-- RECORDS PROVIDED follows --

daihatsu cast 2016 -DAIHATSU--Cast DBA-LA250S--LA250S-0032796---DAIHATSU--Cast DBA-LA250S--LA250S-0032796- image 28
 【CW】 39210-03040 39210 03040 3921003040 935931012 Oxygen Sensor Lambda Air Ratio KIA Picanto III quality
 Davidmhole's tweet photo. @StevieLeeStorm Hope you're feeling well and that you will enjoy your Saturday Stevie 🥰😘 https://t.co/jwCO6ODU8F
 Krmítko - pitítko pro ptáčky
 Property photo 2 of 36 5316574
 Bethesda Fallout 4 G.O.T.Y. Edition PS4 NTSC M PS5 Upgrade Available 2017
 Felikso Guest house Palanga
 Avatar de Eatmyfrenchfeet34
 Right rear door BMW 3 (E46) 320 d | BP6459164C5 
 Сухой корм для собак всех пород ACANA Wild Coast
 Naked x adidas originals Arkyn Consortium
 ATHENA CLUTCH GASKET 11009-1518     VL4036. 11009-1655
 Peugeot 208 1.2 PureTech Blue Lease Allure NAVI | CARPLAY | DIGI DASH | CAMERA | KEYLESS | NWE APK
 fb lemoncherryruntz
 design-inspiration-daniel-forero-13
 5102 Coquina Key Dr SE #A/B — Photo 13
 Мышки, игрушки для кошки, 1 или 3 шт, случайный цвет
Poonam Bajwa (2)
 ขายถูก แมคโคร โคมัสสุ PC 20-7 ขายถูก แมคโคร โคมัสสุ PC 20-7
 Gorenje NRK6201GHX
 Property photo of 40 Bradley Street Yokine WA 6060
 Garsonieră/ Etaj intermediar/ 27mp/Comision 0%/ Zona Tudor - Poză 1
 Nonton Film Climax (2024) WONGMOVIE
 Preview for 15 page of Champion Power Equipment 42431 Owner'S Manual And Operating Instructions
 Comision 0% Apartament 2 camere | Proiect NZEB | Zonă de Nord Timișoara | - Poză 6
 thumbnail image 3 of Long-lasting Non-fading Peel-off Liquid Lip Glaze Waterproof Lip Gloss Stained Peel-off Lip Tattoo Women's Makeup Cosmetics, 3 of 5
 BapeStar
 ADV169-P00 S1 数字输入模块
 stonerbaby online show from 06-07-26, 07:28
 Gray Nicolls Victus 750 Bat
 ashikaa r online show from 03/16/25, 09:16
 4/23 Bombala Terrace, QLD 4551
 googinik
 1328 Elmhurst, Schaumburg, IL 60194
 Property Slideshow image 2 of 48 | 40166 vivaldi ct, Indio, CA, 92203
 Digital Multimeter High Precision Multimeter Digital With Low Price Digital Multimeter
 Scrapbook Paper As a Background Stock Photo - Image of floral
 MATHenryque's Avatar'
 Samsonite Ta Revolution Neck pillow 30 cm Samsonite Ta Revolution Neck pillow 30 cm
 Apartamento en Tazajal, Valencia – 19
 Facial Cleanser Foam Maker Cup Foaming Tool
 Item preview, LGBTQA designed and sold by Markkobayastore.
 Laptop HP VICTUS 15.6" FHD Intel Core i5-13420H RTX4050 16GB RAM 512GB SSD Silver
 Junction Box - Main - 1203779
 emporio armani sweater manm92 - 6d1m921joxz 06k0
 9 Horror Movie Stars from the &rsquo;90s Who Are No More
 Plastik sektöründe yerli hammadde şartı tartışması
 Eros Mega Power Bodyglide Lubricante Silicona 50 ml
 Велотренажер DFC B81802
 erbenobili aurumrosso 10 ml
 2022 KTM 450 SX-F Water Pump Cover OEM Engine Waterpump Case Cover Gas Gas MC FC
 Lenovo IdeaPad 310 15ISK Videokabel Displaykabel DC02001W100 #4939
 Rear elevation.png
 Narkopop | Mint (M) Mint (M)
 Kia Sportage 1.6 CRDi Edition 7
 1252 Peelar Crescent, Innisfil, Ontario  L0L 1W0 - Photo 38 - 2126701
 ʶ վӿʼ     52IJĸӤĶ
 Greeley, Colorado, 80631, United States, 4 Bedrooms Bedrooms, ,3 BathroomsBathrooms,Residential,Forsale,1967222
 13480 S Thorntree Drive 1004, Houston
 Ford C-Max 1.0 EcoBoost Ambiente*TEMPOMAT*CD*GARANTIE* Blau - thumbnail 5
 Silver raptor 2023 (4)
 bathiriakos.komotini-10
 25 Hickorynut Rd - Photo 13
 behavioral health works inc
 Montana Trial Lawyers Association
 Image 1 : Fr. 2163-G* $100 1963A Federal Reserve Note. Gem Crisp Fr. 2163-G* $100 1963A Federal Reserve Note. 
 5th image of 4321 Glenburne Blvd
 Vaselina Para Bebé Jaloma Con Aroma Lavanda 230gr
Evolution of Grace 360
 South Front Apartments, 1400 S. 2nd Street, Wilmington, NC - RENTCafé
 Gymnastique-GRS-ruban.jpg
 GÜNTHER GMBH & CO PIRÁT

-- RECORDS PROVIDED concluded --

### WORK INSTRUCTIONS
The expected output is every line from the material above where "Street" can be found.

### SOLVED PROBLEM
 Property photo of 40 Bradley Street Yokine WA 6060
 South Front Apartments, 1400 S. 2nd Street, Wilmington, NC - RENTCafé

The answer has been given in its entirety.